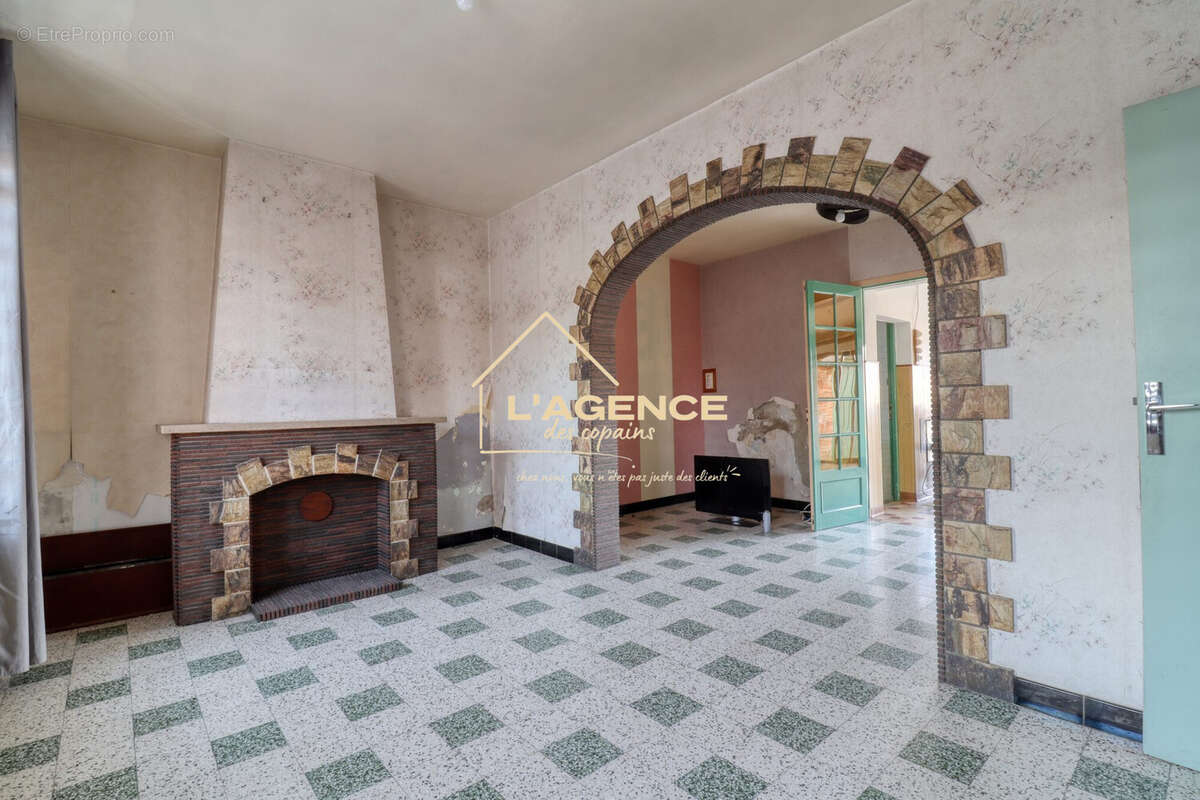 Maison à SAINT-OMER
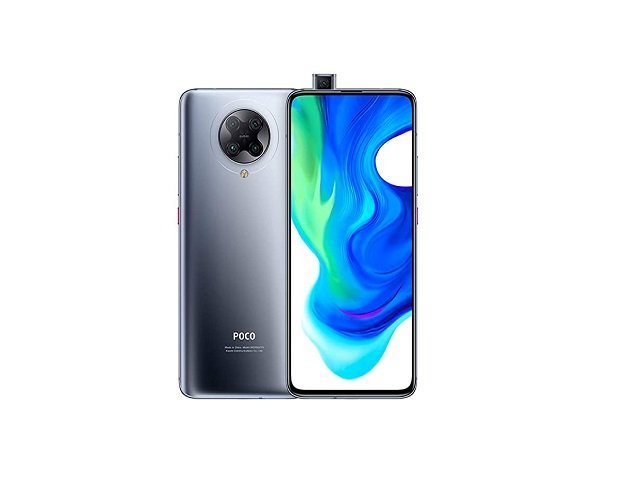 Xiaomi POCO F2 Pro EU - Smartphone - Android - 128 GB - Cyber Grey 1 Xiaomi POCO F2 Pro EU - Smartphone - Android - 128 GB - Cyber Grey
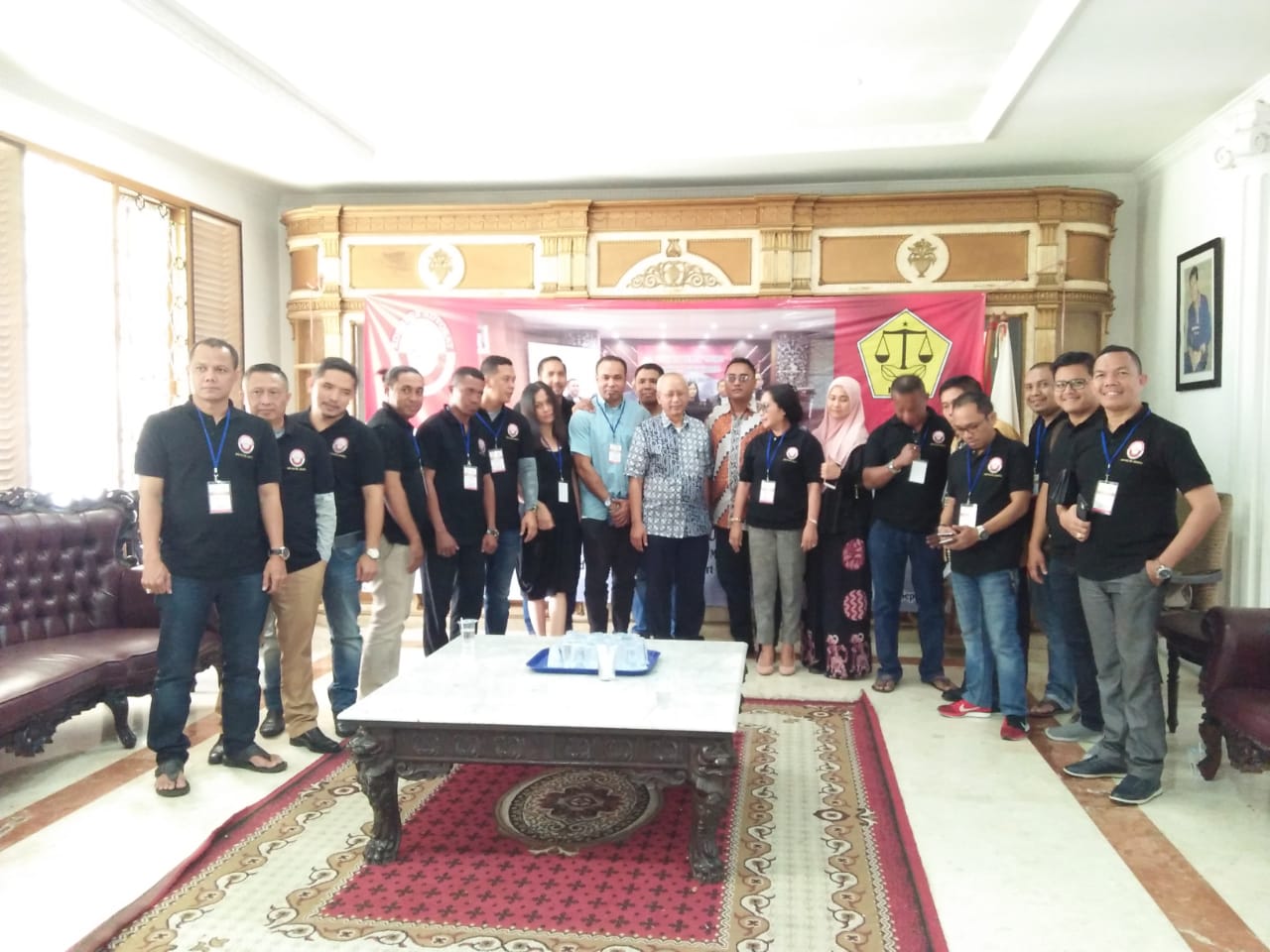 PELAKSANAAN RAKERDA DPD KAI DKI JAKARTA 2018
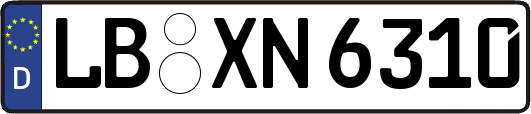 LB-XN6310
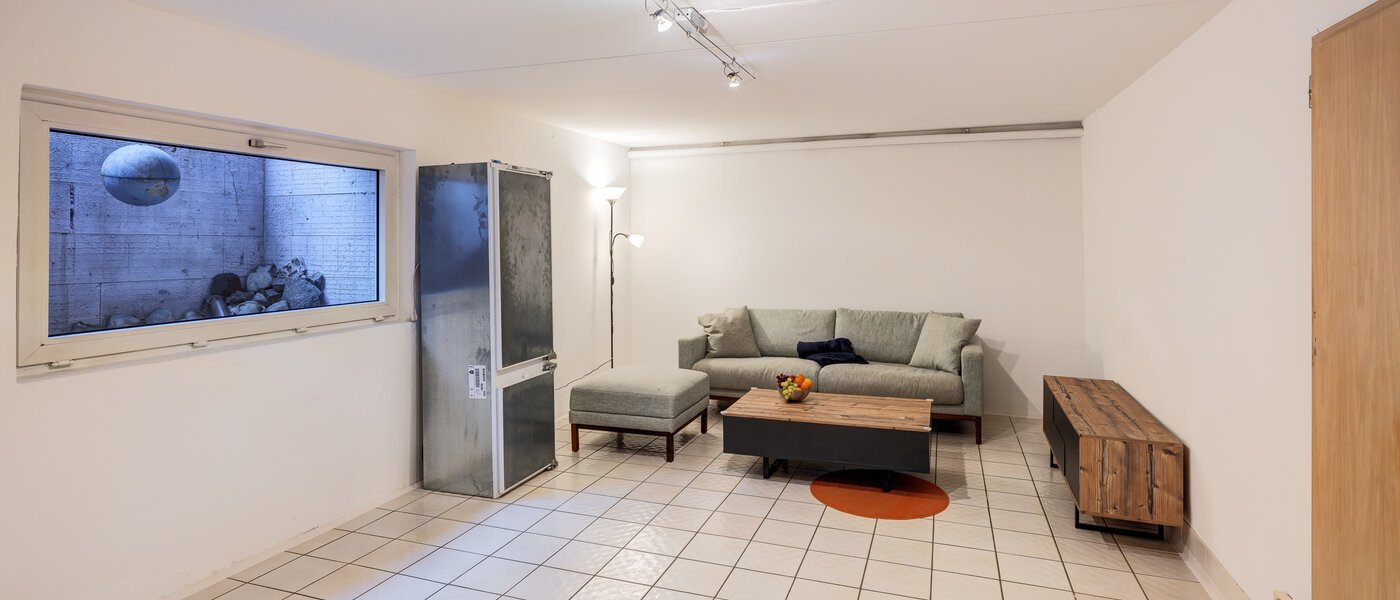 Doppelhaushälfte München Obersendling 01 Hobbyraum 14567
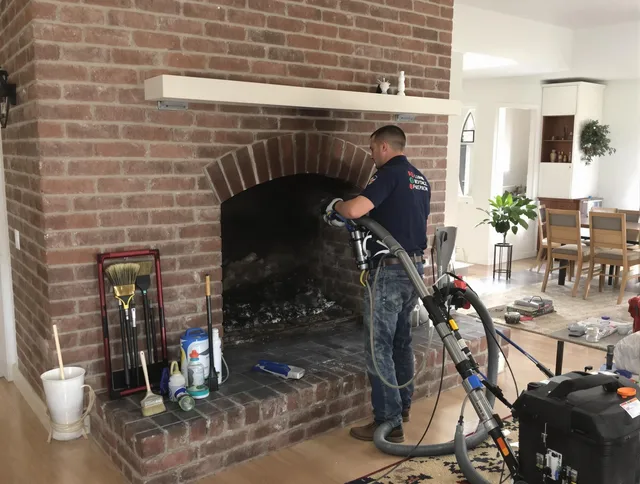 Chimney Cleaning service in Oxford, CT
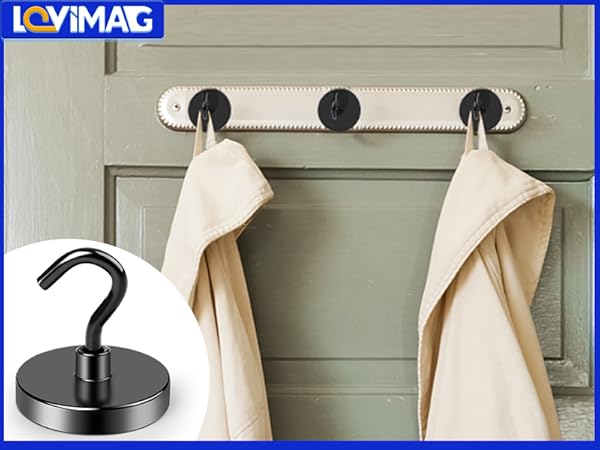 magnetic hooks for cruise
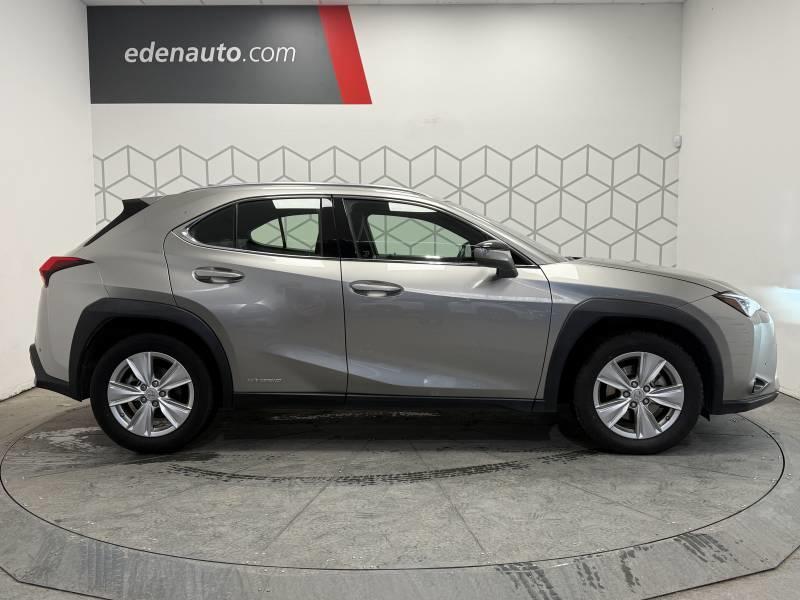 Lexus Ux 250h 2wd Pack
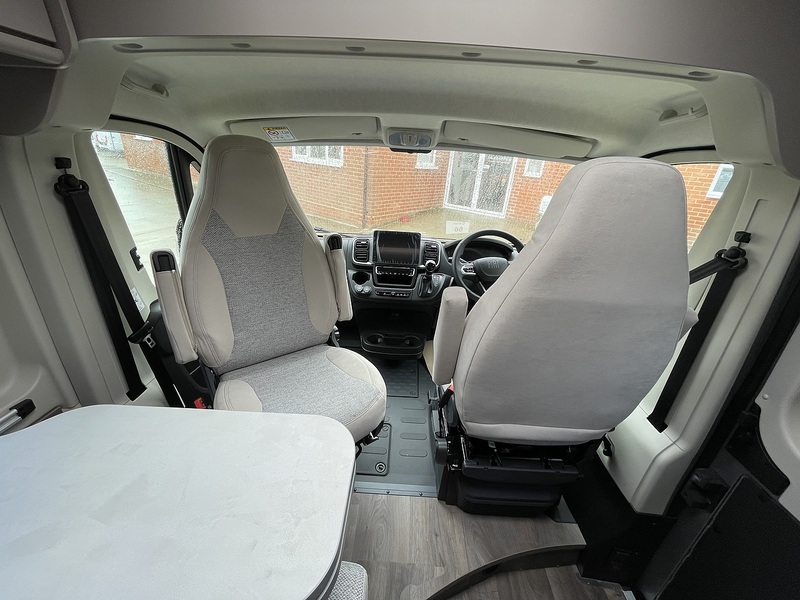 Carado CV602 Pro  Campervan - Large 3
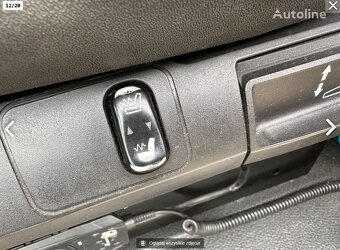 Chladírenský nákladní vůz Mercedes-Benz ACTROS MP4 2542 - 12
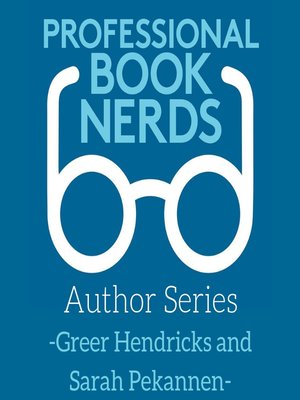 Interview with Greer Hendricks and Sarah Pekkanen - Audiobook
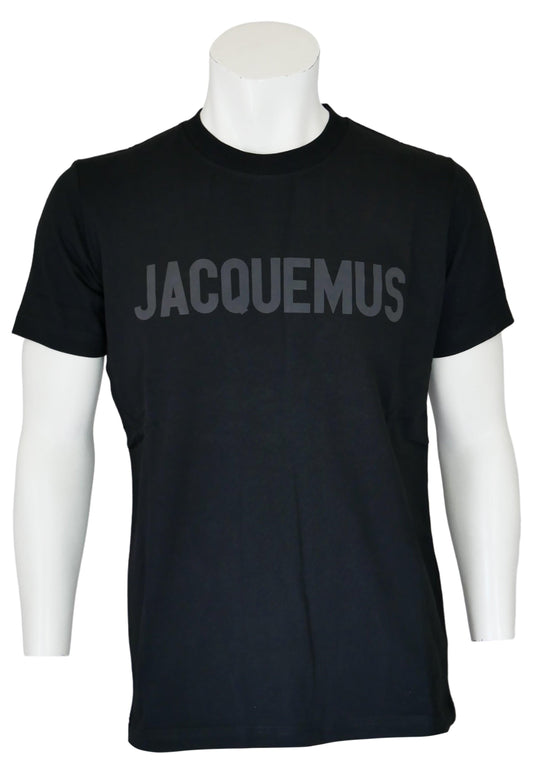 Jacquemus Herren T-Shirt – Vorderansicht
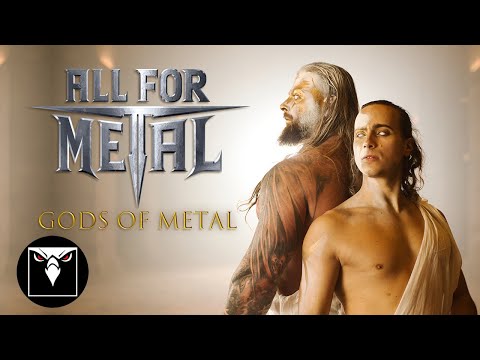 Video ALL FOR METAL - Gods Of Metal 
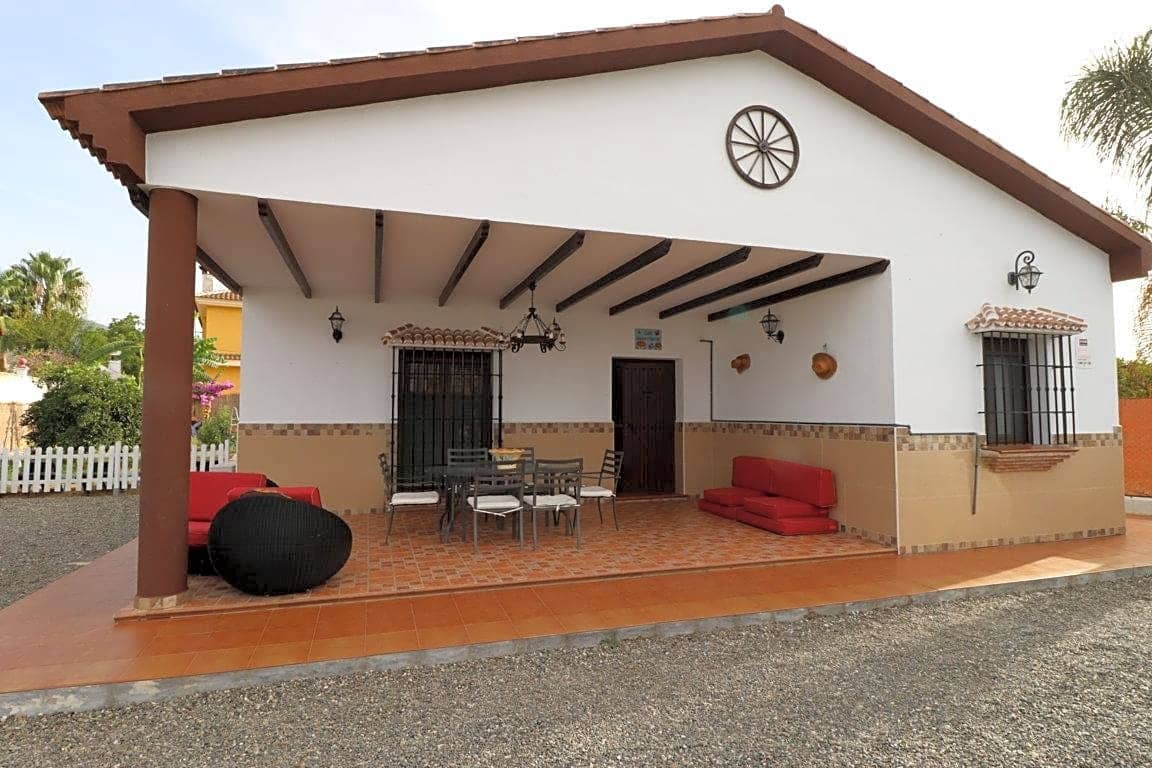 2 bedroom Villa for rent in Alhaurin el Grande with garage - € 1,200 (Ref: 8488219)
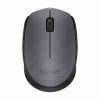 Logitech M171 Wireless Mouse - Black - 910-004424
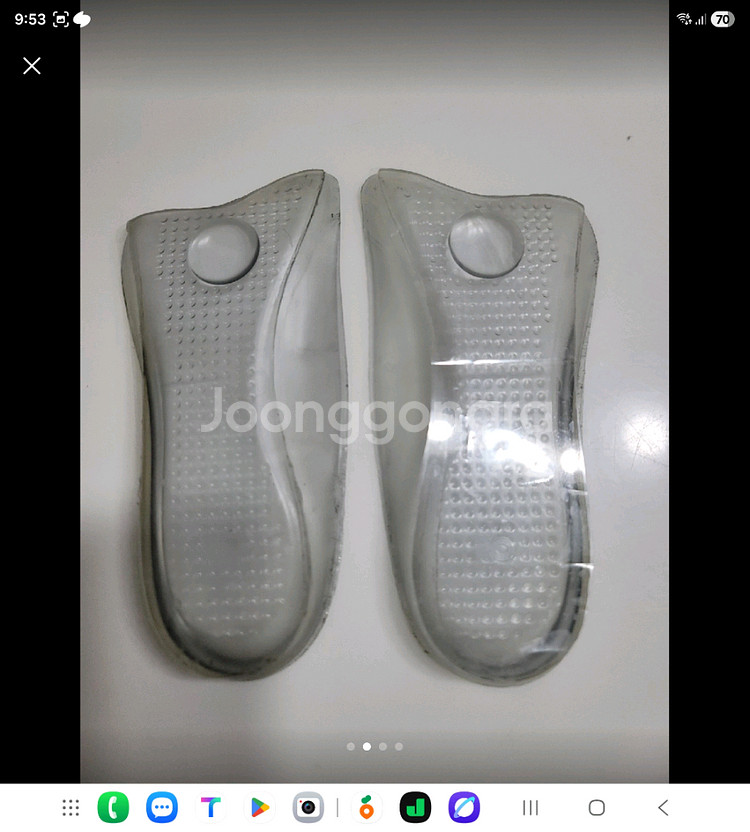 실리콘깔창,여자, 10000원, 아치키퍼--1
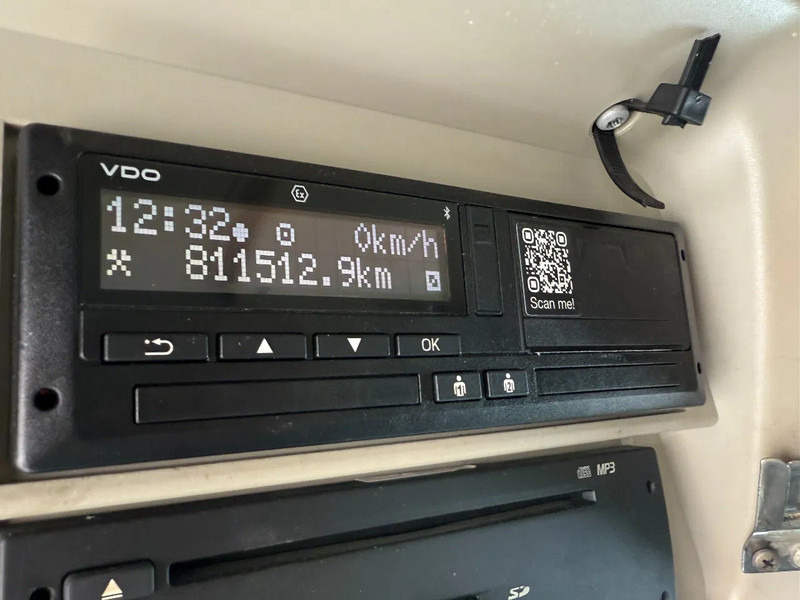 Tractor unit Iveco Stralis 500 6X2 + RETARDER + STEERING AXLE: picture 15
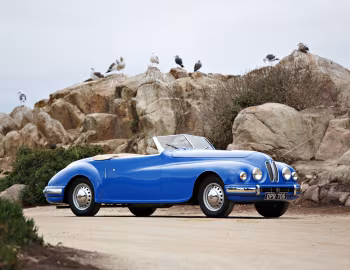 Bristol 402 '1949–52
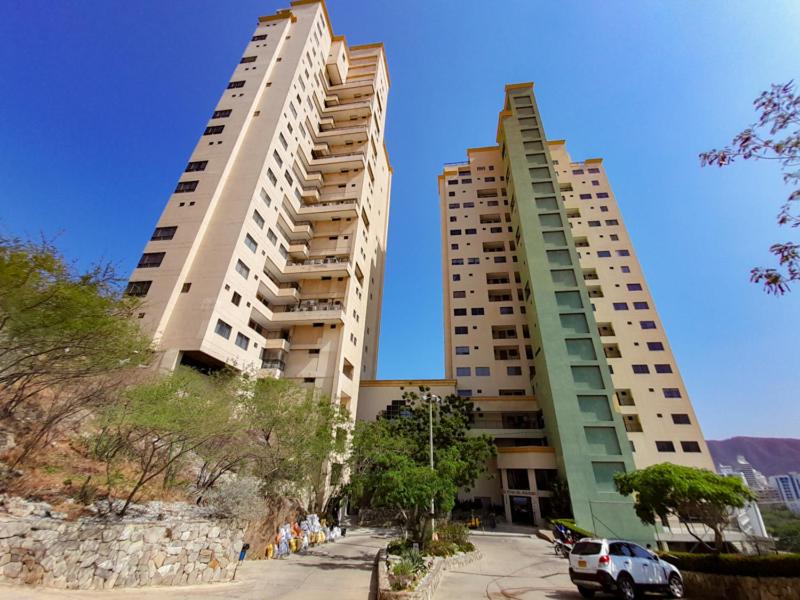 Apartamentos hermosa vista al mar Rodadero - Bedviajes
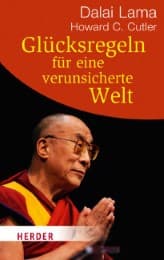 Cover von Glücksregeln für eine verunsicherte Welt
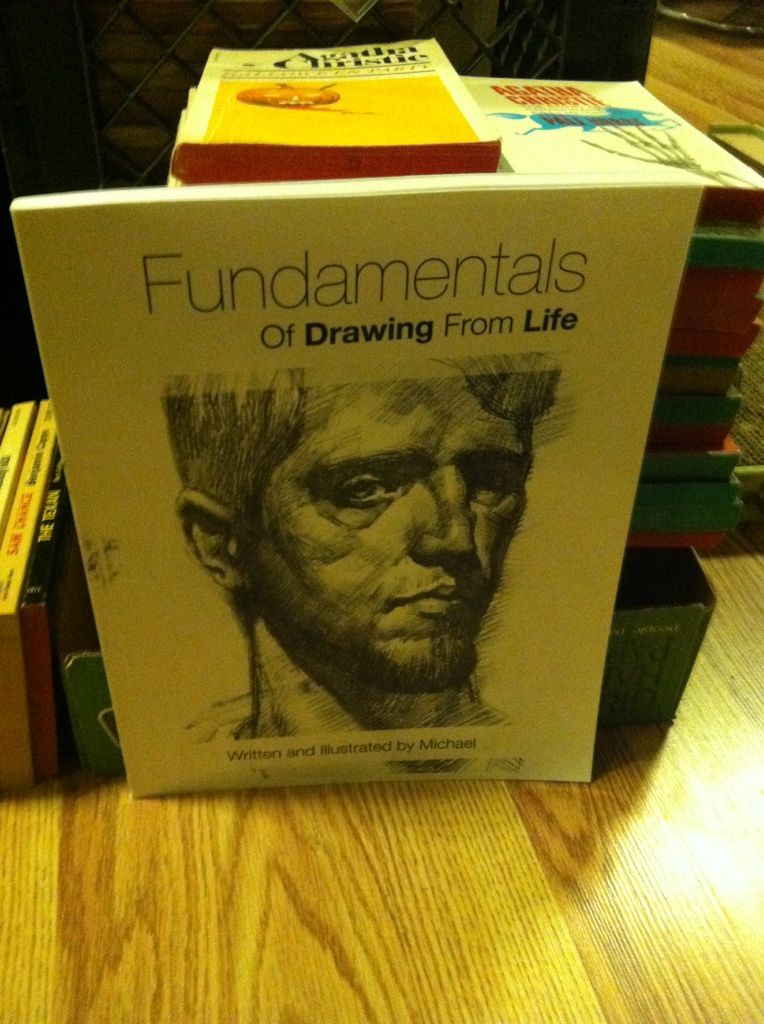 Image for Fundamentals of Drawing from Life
++++++++
* [ASSIGNMENT]:
Your answer must be the records exactly as they stand, with no pictures in it.

* [ANSWER SPACE]:
 Maison à SAINT-OMER
 Xiaomi POCO F2 Pro EU - Smartphone - Android - 128 GB - Cyber Grey 1 Xiaomi POCO F2 Pro EU - Smartphone - Android - 128 GB - Cyber Grey
 PELAKSANAAN RAKERDA DPD KAI DKI JAKARTA 2018
 LB-XN6310
 Doppelhaushälfte München Obersendling 01 Hobbyraum 14567
 Chimney Cleaning service in Oxford, CT
 magnetic hooks for cruise
 Lexus Ux 250h 2wd Pack
 Carado CV602 Pro  Campervan - Large 3
 Chladírenský nákladní vůz Mercedes-Benz ACTROS MP4 2542 - 12
 Interview with Greer Hendricks and Sarah Pekkanen - Audiobook
 Jacquemus Herren T-Shirt – Vorderansicht
 Video ALL FOR METAL - Gods Of Metal 
 2 bedroom Villa for rent in Alhaurin el Grande with garage - € 1,200 (Ref: 8488219)
 Logitech M171 Wireless Mouse - Black - 910-004424
 실리콘깔창,여자, 10000원, 아치키퍼--1
 Tractor unit Iveco Stralis 500 6X2 + RETARDER + STEERING AXLE: picture 15
 Bristol 402 '1949–52
 Apartamentos hermosa vista al mar Rodadero - Bedviajes
 Cover von Glücksregeln für eine verunsicherte Welt
 Image for Fundamentals of Drawing from Life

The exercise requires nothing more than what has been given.